My mother remembers vividly her disappointment at discovering, around 7, that her parents had lied about Pere Noel.  She never told us there was a Santa Claus for this reason, and I am glad she didn't.  I know some people who'd be horrified by this, but it certainly didn't stop me or my brothers or sisters from enjoying the holiday.

She adored her mother, and her maternal aunts, above all. They all lived quite close to each other in Avignon, and though mostly shopkeeper or teachers, they clearly had strong personalities and (as evidenced above with that wedding dress) a certain "chic."

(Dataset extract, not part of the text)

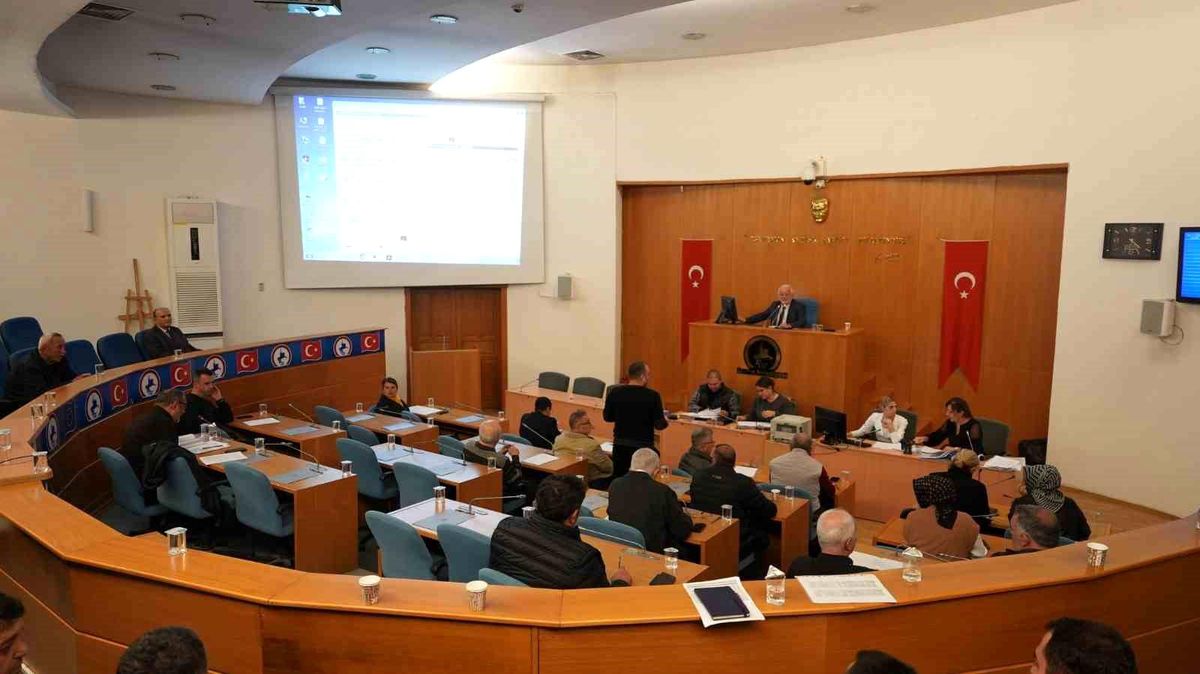 Düzce Belediyesi 2024 Yılı Bütçesini 2 Milyar 275 Milyon TL Olarak Belirledi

So did, it seems, my mother. Her friends in high school recounted to me how her trademark was a glove on one hand, clutching the other glove. It was her "thing." My mother scoffed at hearing these memories, suppressing a smile at the same time.

She had a best friend, Josette. If they played together it was on weekends at "Passe-Temps," the country house my grandfather had on the other side of the Rhone.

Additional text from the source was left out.